Once the models are trained, for the given sequence of units required to be synthesized, the streams of \({{{\mathrm {F}}_0}}, \hbox {MGC}\) and \(\hbox {BAP}\) parameters are generated by using a parameter generation algorithm considering global variance [30], and are passed to the vocoder which uses them to build the output speech.
In the case of hybrid synthesis, though, instead of using a vocoder, the stream is passed to the unit selection module which then selects “close enough” real speech chunks (candidates) to be concatenated, see Sect. 2.2. Note here that while all the streams must be used by the vocoder, only the \({\mathrm {F}}_0\) and cepstral coefficients were used to drive the unit selection, the aperiodicity was omitted since it is not supposed to bring any significant information to select according to. Although it could be used to generate speech of a unit as a replacement of a raw unit signal (a.k.a. “multiform” synthesis) when no candidate with match “close enough” is found [18, 20, 21, 29], this has been dismissed here.
2.2 Unit Selection
In the most common unit selection scheme, a number of metrics are used to define target and concatenation costs. While the former measures how feature values of a speech unit from acoustics unit inventory match the prescribed (target) values of the features (what is aimed at to be expressed), the latter attempts to evaluate how smooth units will be perceived when joined together (how it will sound).

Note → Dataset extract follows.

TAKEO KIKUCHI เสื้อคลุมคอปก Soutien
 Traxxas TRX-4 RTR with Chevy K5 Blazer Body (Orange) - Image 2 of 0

Target Cost. Having the trajectories of parameters \({{{\mathrm {F}}_0}} = [f(1),f(2),\dots ,f(r)]\) and \(\hbox {MGC} = \big [\mathbf {f}(1),\mathbf {f}(2),\dots ,\mathbf {f}(r)\big ]\) generated by the SPS module for the given phrase to synthesize, we have used the scripting interface of ARTIC TTS [25] to modify the unit selection in such a way that the use of symbolic features [15, 26], denoted by [23] as independent feature formulation – IFF, was replaced by the measure of mismatch between parameters from the parameter streams generated by the HMM model.
Contrary to SPS, where the parameters are passed through a vocoder as they are, the unit selection works with unit candidates (in [19] called “tiles”). Thus, we define \(t_j\) as a target unit within a synthesized phrase \(\mathbf {T} = t_1, t_2,\dots \). Each target unit is tied to \(N(t_j)\)-dimensional vector \({{{\mathrm {F}}_0}}(t_j) = [f(1), f(2), \dots , f\big (N(t_j)\big )]\) and \(N(t_j) \times 40\) matrix \(\hbox {MGC}(t_j) = \big [\mathbf {f}(1), \mathbf {f}(2), \dots , \mathbf {f}\big (N(t_j)\big )\big ]\) corresponding to the generated parameters for that unit in the phrase being currently synthesized; \(r = \sum _{\forall j} N(t_j)\).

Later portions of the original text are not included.